Mediaflux and BlackPearl have provided the Hutchison/MRC Research Centre with a storage capacity up to 60% cheaper by leveraging Mediaflux’s scalability and agility across distributed storage resources while keeping data readily available to researchers. To the user, data is easier to find and data-intensive workflows are smarter and more flexible, which has significantly reduced the time researchers and administrators spend wrangling their data.

Using Mediaflux and BlackPearl, The Hutchison/MRC Research Centre has:

  • Reduced storage infrustracture costs by up to 60%.
  • Improved data discovery using metadata.
  • Virtualised data silos into a single global namespace.
  • Ability to leverage scalable storage on demand.

On reflection/future uses.

At first glance, the MRC Research Centre was unaware of what Mediaflux could do and the number of ways it could be used.
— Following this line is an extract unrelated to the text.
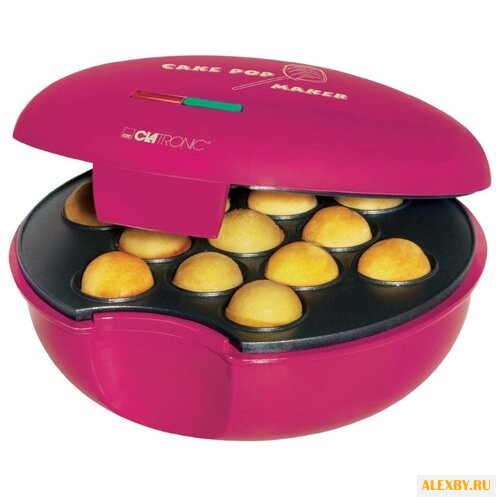 Кексница Clatronic CPM 3529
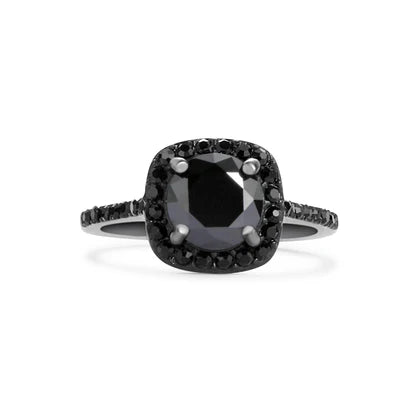 Black Swan II & Pater Black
Having overcome the immediate need to virtualise its storage, the MRC Research Centre is now exploring other areas for further optimisation, such as leveraging Mediaflux’s enhanced search capabilities and best practice metadata management to improve the visibility of the 54,000,000 files currently on the system, and collaboration tools and High-Performance Computing (HPC) task management. Overall, the future with Mediaflux unlocks more time to dedicate to research rather than wrangling data, which will ultimately improve the research outcomes for a wider number of researchers at the the Hutchison/MRC Research Centre.